La vie recommença pour eux ; de nouveau, ils étaient proches et lointains.

Une fois, un jour de fête, au milieu de la semaine, Pavel dit à sa mère, au moment de s’en aller :

— Il viendra des gens chez moi, samedi !

— Quelles gens ? demanda-t-elle.

— Les uns d’ici… d’autres, de la ville.

— De la ville…, répéta la mère en hochant la tête.

Soudain, elle se mit à sangloter.

— Pourquoi pleurer maman ? s’écria Pavel mécontent. Pourquoi ?

Elle répondit d’une voix faible en essuyant ses larmes :

— Je ne sais pas… comme cela…

Il fit quelques pas dans la chambre, s’arrêta devant elle et demanda :

— Tu as peur ?

— Oui ! avoua-t-elle. Ces gens de la ville… sait-on qui c’est ?

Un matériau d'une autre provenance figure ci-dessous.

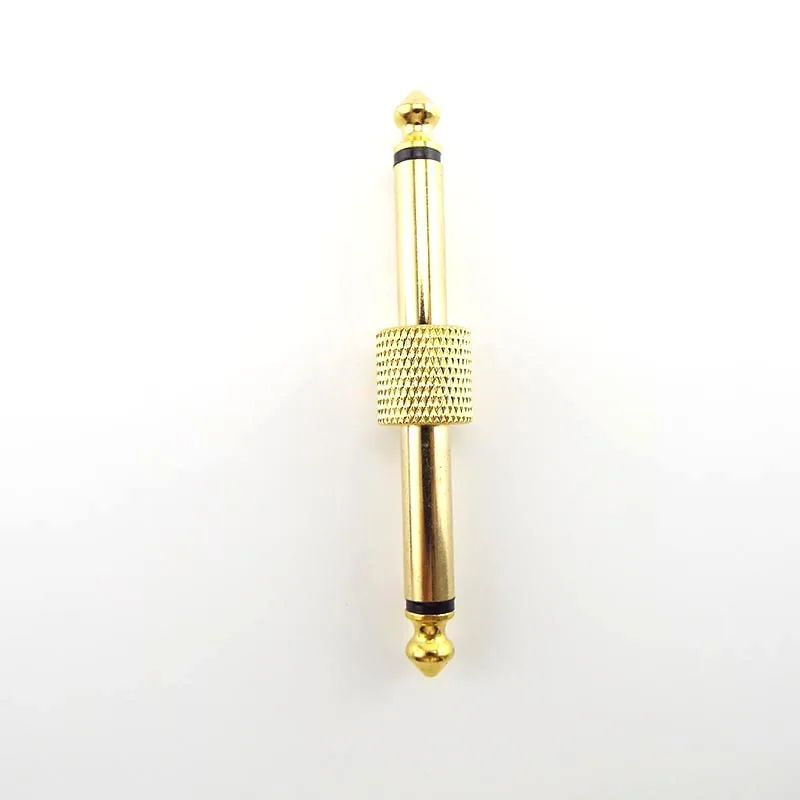 

1/4 Pcs 6.35mm Mono Jack Audio Adapter Connector Guitar Effect Pedals Instrument Convert Metal Solder Plug Patch Adaptor U26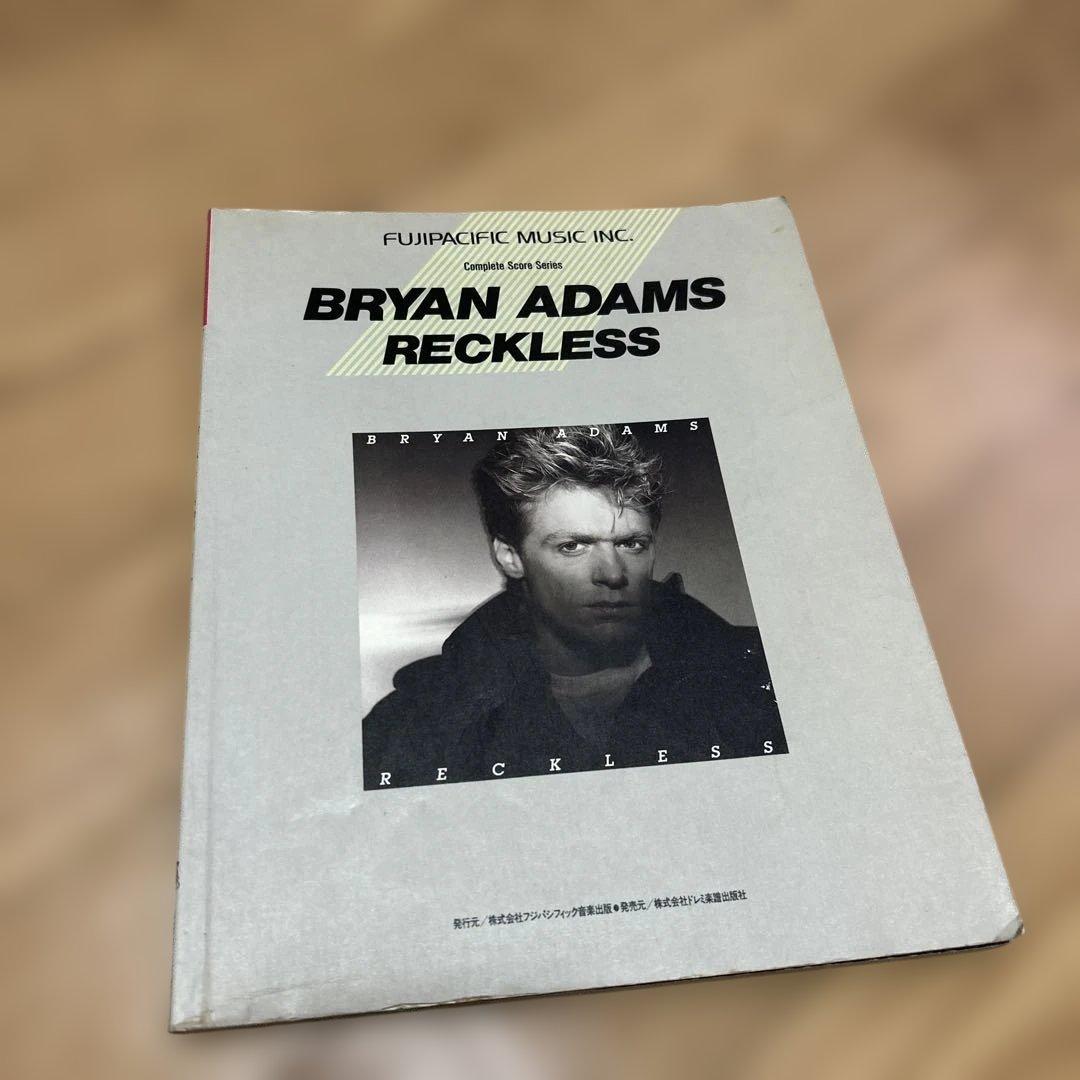 ブライアン•アダムス レックレス バンドスコア タブ譜 BRYAN ADAMS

Il se pencha vers elle et fit d’une voix irritée, comme son père :

— C’est à cause de cette peur que nous périssons tous ! Et ceux qui nous commandent profitent de cette peur et nous effrayent encore plus. Comprenez-le donc : tant que les gens auront peur, ils pourriront, comme les bouleaux, là, dans le marais.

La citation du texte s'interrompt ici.